> [ACTIVITY]: Everything from the line containing "Spark 20 Full" through the last line of the data below should be given again exactly, both end lines included and nothing more.

> [INFORMATION GIVEN]:
┌──
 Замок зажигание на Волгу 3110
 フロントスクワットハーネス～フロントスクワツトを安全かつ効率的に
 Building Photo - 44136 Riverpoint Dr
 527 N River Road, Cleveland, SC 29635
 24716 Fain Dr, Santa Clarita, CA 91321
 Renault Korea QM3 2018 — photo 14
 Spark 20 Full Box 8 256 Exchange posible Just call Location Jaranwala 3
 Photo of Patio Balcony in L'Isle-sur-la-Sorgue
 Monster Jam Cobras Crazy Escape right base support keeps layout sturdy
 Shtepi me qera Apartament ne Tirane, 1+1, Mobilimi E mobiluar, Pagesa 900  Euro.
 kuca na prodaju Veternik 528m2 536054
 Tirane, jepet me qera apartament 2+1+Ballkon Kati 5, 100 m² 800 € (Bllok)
└──
> [EXERCISE RESPONSE]:
 Spark 20 Full Box 8 256 Exchange posible Just call Location Jaranwala 3
 Photo of Patio Balcony in L'Isle-sur-la-Sorgue
 Monster Jam Cobras Crazy Escape right base support keeps layout sturdy
 Shtepi me qera Apartament ne Tirane, 1+1, Mobilimi E mobiluar, Pagesa 900  Euro.
 kuca na prodaju Veternik 528m2 536054
 Tirane, jepet me qera apartament 2+1+Ballkon Kati 5, 100 m² 800 € (Bllok)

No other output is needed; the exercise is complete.